** INPUT FOR THIS TASK follows **

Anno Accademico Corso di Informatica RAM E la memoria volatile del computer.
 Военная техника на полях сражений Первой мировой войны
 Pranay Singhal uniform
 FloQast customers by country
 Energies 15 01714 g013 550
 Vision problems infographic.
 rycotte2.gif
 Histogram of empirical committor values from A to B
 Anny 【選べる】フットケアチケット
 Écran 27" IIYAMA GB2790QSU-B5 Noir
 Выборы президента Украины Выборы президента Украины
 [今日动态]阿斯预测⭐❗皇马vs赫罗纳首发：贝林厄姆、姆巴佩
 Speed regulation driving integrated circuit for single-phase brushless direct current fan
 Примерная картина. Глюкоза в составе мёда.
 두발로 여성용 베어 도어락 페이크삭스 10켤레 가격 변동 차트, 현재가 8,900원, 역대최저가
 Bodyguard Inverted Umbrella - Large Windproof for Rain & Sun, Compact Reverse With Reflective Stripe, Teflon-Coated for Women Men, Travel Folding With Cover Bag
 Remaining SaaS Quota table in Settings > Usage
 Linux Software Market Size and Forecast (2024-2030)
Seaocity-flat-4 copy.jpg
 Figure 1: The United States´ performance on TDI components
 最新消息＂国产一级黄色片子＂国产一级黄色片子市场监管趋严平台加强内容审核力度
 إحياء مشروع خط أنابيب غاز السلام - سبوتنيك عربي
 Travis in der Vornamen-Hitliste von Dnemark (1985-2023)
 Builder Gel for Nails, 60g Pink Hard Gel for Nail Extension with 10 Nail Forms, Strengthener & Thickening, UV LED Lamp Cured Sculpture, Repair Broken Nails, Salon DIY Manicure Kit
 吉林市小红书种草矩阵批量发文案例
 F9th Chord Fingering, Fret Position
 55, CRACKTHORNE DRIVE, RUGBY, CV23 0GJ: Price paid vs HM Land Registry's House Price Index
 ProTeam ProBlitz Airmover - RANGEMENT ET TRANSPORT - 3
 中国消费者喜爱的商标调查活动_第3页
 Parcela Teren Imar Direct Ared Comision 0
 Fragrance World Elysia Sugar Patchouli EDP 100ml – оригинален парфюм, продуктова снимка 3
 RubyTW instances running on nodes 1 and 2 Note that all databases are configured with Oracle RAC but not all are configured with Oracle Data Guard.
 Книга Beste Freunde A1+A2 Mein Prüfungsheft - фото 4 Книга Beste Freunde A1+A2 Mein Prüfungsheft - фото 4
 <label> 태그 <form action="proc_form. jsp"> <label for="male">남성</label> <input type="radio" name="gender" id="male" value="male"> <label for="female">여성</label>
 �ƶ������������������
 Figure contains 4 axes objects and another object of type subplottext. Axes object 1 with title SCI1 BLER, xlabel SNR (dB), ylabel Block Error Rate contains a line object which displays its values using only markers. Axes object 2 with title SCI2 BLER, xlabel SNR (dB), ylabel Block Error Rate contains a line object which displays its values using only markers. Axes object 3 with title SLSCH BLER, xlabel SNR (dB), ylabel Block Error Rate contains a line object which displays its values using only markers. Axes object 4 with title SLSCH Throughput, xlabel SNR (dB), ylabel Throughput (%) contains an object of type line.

** End of INPUT FOR THIS TASK **

INSTRUCTIONS FOR THE TASK – Reproduce the entries above in full, exactly as they read.

TASK SOLUTION –
Anno Accademico Corso di Informatica RAM E la memoria volatile del computer.
 Военная техника на полях сражений Первой мировой войны
 Pranay Singhal uniform
 FloQast customers by country
 Energies 15 01714 g013 550
 Vision problems infographic.
 rycotte2.gif
 Histogram of empirical committor values from A to B
 Anny 【選べる】フットケアチケット
 Écran 27" IIYAMA GB2790QSU-B5 Noir
 Выборы президента Украины Выборы президента Украины
 [今日动态]阿斯预测⭐❗皇马vs赫罗纳首发：贝林厄姆、姆巴佩
 Speed regulation driving integrated circuit for single-phase brushless direct current fan
 Примерная картина. Глюкоза в составе мёда.
 두발로 여성용 베어 도어락 페이크삭스 10켤레 가격 변동 차트, 현재가 8,900원, 역대최저가
 Bodyguard Inverted Umbrella - Large Windproof for Rain & Sun, Compact Reverse With Reflective Stripe, Teflon-Coated for Women Men, Travel Folding With Cover Bag
 Remaining SaaS Quota table in Settings > Usage
 Linux Software Market Size and Forecast (2024-2030)
Seaocity-flat-4 copy.jpg
 Figure 1: The United States´ performance on TDI components
 最新消息＂国产一级黄色片子＂国产一级黄色片子市场监管趋严平台加强内容审核力度
 إحياء مشروع خط أنابيب غاز السلام - سبوتنيك عربي
 Travis in der Vornamen-Hitliste von Dnemark (1985-2023)
 Builder Gel for Nails, 60g Pink Hard Gel for Nail Extension with 10 Nail Forms, Strengthener & Thickening, UV LED Lamp Cured Sculpture, Repair Broken Nails, Salon DIY Manicure Kit
 吉林市小红书种草矩阵批量发文案例
 F9th Chord Fingering, Fret Position
 55, CRACKTHORNE DRIVE, RUGBY, CV23 0GJ: Price paid vs HM Land Registry's House Price Index
 ProTeam ProBlitz Airmover - RANGEMENT ET TRANSPORT - 3
 中国消费者喜爱的商标调查活动_第3页
 Parcela Teren Imar Direct Ared Comision 0
 Fragrance World Elysia Sugar Patchouli EDP 100ml – оригинален парфюм, продуктова снимка 3
 RubyTW instances running on nodes 1 and 2 Note that all databases are configured with Oracle RAC but not all are configured with Oracle Data Guard.
 Книга Beste Freunde A1+A2 Mein Prüfungsheft - фото 4 Книга Beste Freunde A1+A2 Mein Prüfungsheft - фото 4
 <label> 태그 <form action="proc_form. jsp"> <label for="male">남성</label> <input type="radio" name="gender" id="male" value="male"> <label for="female">여성</label>
 �ƶ������������������
 Figure contains 4 axes objects and another object of type subplottext. Axes object 1 with title SCI1 BLER, xlabel SNR (dB), ylabel Block Error Rate contains a line object which displays its values using only markers. Axes object 2 with title SCI2 BLER, xlabel SNR (dB), ylabel Block Error Rate contains a line object which displays its values using only markers. Axes object 3 with title SLSCH BLER, xlabel SNR (dB), ylabel Block Error Rate contains a line object which displays its values using only markers. Axes object 4 with title SLSCH Throughput, xlabel SNR (dB), ylabel Throughput (%) contains an object of type line.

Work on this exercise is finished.